Quanto ao saldo de mortes, os números são difíceis de precisar. Em entrevista ao Meteo France, o historiador Emmanuel Le Roy Ladurie estima que cerca de 100 mil pessoas morreram em consequência direta do frio apenas na França, sendo que mais 200 mil pereceram de fome e outras 300 mil de maneira indireta. Essa onda de baixas teria durado até 1710, quando doenças, como o tifo e a varíola, se espalharam em endemias pelo país para terminar o resto do trabalho de extermínio.

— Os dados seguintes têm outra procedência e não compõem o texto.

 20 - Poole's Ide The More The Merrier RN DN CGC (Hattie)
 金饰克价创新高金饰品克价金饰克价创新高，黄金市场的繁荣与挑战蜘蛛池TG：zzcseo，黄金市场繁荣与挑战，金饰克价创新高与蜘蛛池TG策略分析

(Fonte: Regina Reffers/Reprodução)
A geada de 1709 ainda é um mistério para a ciência. O National Geographic sugeriu que o evento tenha acontecido devido a um fenômeno chamado Mínimo de Maunder, descrito pela NASA como um período em que o Sol “entrou em fase de silêncio”. O Sol ficou mais escuro e houve menos atividade vista em sua superfície, menos manchas solares, que resultaram em menos produção de luz solar, o que significou temperaturas muito baixas já que não estava brilhando como deveria.
Os cientistas apontam que a diminuição na energia recebida do Sol causou a formação de menos ozônio, impactando os padrões climáticos, como as correntes de frio, e a presença de sistemas de baixa e alta pressão.
O debate científico ainda é imenso, e a maioria dos estudiosos não chegou a um consenso sobre o que aconteceu do dia para noite, apenas concordam que foi um episódio mortal para a História.